___ Source information ___
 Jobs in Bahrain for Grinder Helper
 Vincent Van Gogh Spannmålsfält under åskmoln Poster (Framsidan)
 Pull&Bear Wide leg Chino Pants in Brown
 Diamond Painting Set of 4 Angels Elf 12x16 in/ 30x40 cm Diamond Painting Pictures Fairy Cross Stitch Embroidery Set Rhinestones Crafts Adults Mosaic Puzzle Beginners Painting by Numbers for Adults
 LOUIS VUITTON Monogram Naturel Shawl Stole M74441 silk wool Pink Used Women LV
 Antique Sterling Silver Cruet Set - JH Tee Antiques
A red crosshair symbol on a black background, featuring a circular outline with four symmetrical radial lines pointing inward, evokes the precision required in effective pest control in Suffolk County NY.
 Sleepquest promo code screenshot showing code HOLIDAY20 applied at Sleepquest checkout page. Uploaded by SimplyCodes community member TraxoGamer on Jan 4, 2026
___
◆ **Exercise aim**
Your answer should hold exactly the lines from the one containing "A red crosshair" through the end of the entries above, and nothing else.

◆ **Response box**
A red crosshair symbol on a black background, featuring a circular outline with four symmetrical radial lines pointing inward, evokes the precision required in effective pest control in Suffolk County NY.
 Sleepquest promo code screenshot showing code HOLIDAY20 applied at Sleepquest checkout page. Uploaded by SimplyCodes community member TraxoGamer on Jan 4, 2026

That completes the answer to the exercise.